Ma, molte delle indicazioni fornite dall’articolo si rivelano piuttosto ottimistiche ed imprecise, anche alla luce dei contenuti della bozza di accordo.
Innanzitutto, appare non corretto già il titolo e gran parte dell’articolo, basato su di esso. La stima di un trasferimento “imminente” di 30.000 dipendenti (più della metà dei 56.000 e non, come erroneamente riportato nell’articolo, 60.000 in servizi) appare del tutto priva di fondamento.
Occorre considerare che la legge 56/2014 ha lasciato alle province parecchie delle funzioni “fondamentali” che da sempre esse svolgono:
- a) pianificazione territoriale provinciale di coordinamento, nonché tutela e valorizzazione dell'ambiente, per gli aspetti di competenza;
- b) pianificazione dei servizi di trasporto in ambito provinciale, autorizzazione e controllo in materia di trasporto privato, in coerenza con la programmazione regionale, nonché costruzione e gestione delle strade provinciali e regolazione della circolazione stradale ad esse inerente;
- c) programmazione provinciale della rete scolastica, nel rispetto della programmazione regionale;
- d) raccolta ed elaborazione di dati, assistenza tecnico-amministrativa agli enti locali;
- e) gestione dell'edilizia scolastica;
- f) controllo dei fenomeni discriminatori in ambito occupazionale e promozione delle pari opportunità sul territorio provinciale.
A queste, va aggiunta l’edilizia scolastica.

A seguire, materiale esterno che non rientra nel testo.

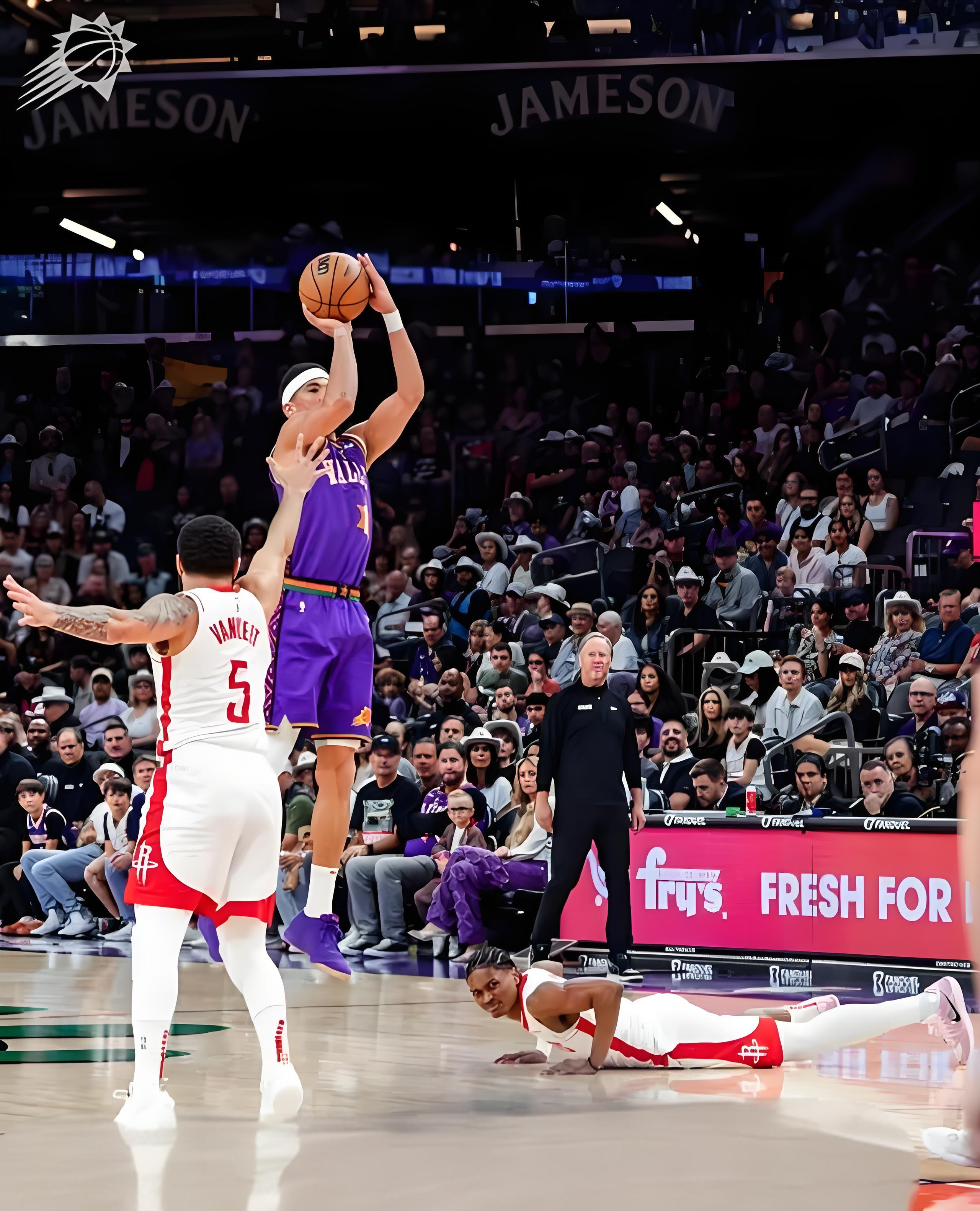 火箭绝杀掘金,保罗统治全场 火箭绝杀掘金,保罗统治全场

Poi, vi sono altre funzioni “eventuali”, che in realtà sono molto richieste dai comuni:
- - predisposizione dei documenti di gara,
- - stazione appaltante,
- - monitoraggio dei contratti di servizio
- - organizzazione di concorsi e procedure selettive.
Ma, altre funzioni si potrebbero aggiungere ai sensi dell’articolo 1, comma 90, della legge: il subentro delle province ad enti e società che svolgono nel bacino provinciale servizi pubblici a rilevanza economica.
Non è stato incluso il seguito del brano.